Insufficient and increasingly expensive
office space is driving tenants to hi-tech space or business parks, CBRE
said in a statement yesterday.
Jones Lang LaSalle (JLL) also says that
companies are relocating backroom operations to hi-tech space. Its latest
figures show that the average island-wide hi-tech rent rose 2.4 per cent
quarter-on-quarter to $4.25 psf per month in Q2. Compared with a year
earlier, the increase was 63.5 per cent.
While figures from both property
consultants indicate rising rents for hi-tech space, the degree of increase
differs.
'The disparity is a result of differences
in the basket of properties that research houses use to track the market,'
said JLL's head of research (South-east Asia) Chua Yang Liang. 'This
difference is more pronounced in periods when segments of the market respond
differently to external stimulus.'
CBRE says that for business parks, the
average occupancy rate was 88 per cent at end-March and could have exceeded
90 per cent by the end of Q2. This would be a new peak.

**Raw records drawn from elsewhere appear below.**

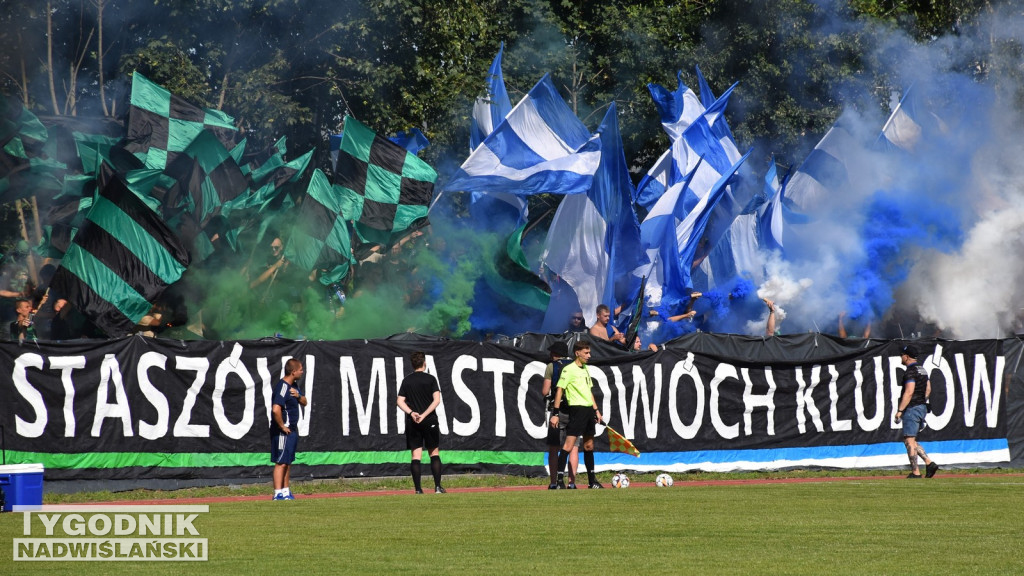 Zdjęcia z trybun meczu Pogoni Staszów z Ruchem Chorzów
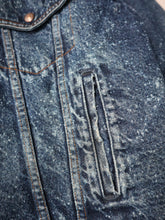 Load image into Gallery viewer, 1970s Levi's Galactic Wash Sherpa Lined Denim Jacket - L/XL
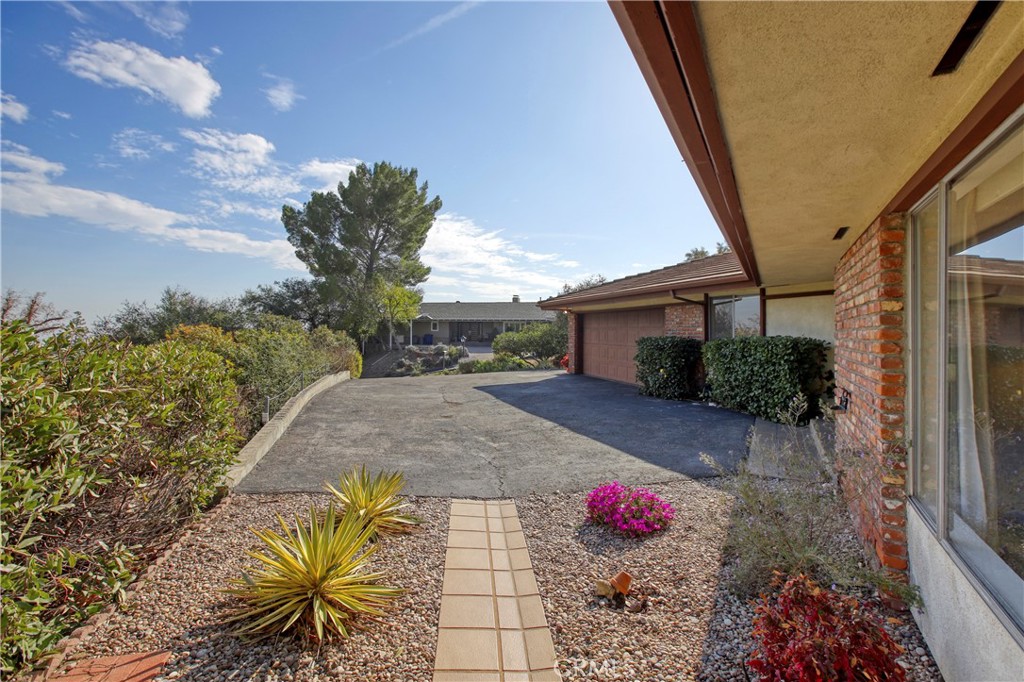 5366 Vista Lejana Lane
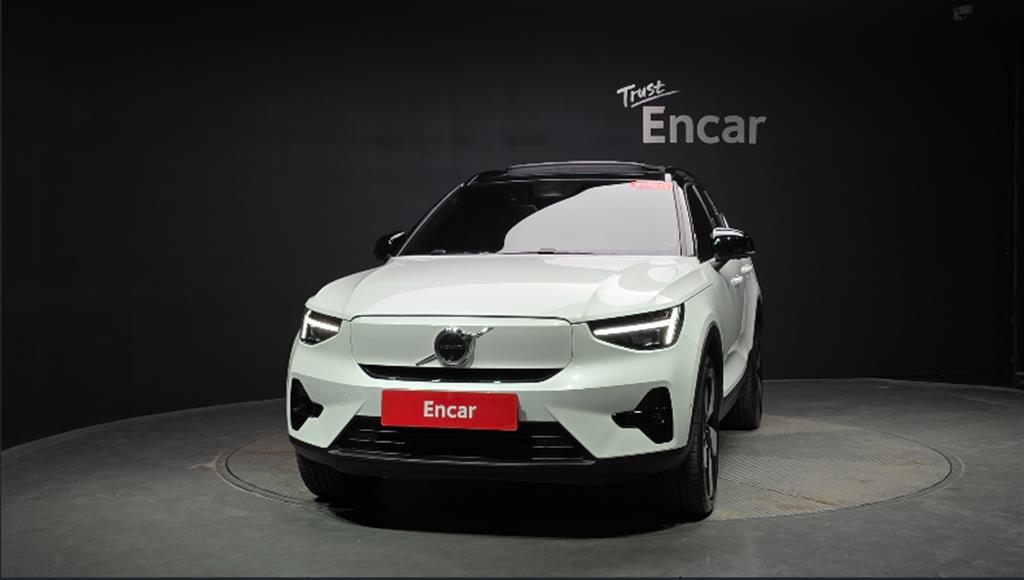 Volvo XC40 - Vista 3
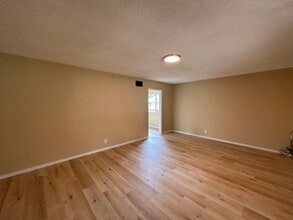 414 N Alameda Ave in Azusa, CA - Building Photo - Building Photo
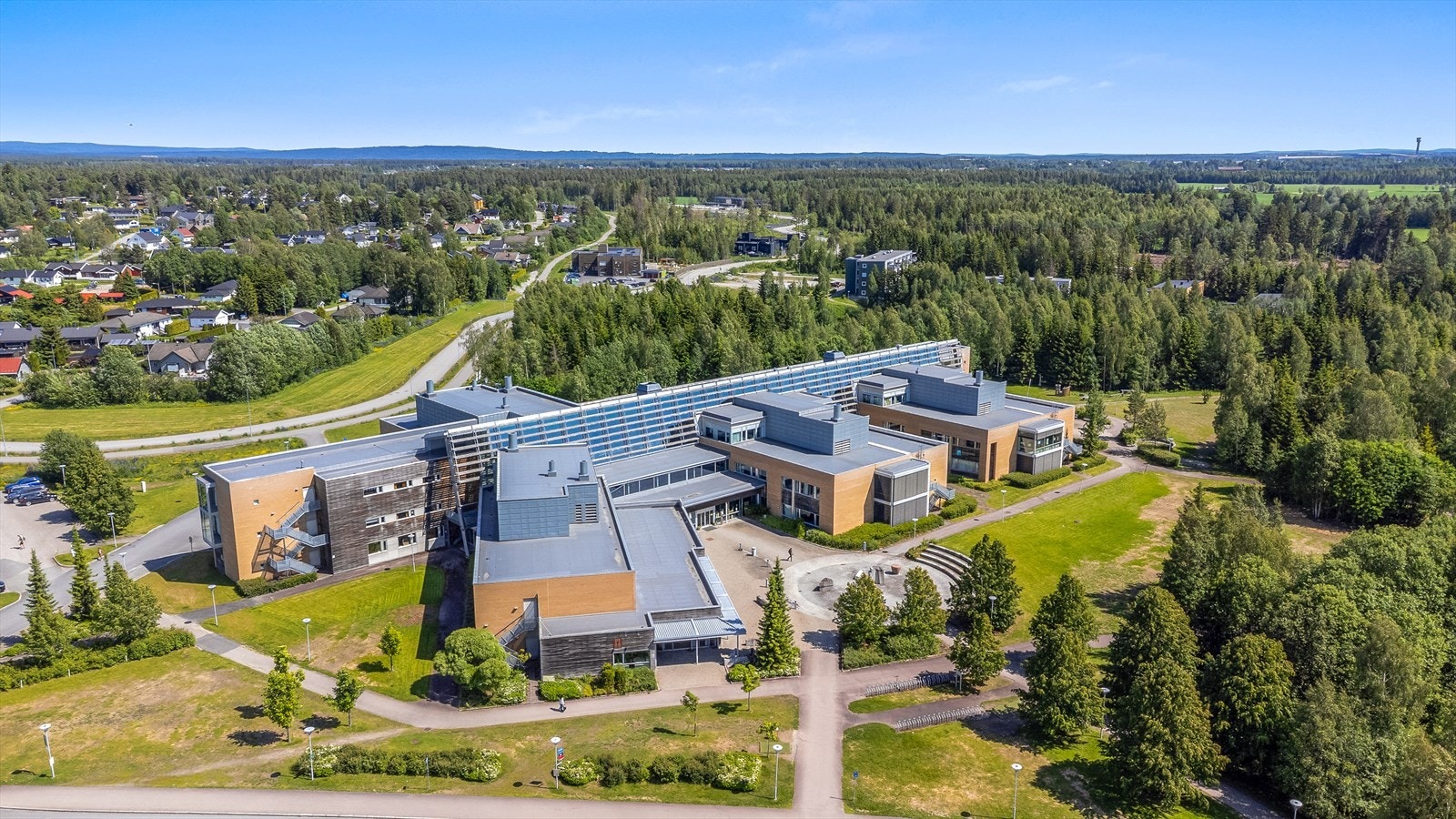 Nannestad videregående skole ligger kun fire minutters gange fra boligen. Galleribilde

The firm's director of industrial and
logistics services, Bernard Goh, says that rents at business parks also rose
in Q2.
More business park space will be coming
on stream. According to CBRE, Biopolis Phase III will be completed in Q4
2009. And JTC Corporation launched a tender for Plot 61 in Changi Business
Park last month.
For factory space, the average monthly
rent for a ground-floor unit rose 3.3 per cent to $1.55 psf in Q2, says CBRE.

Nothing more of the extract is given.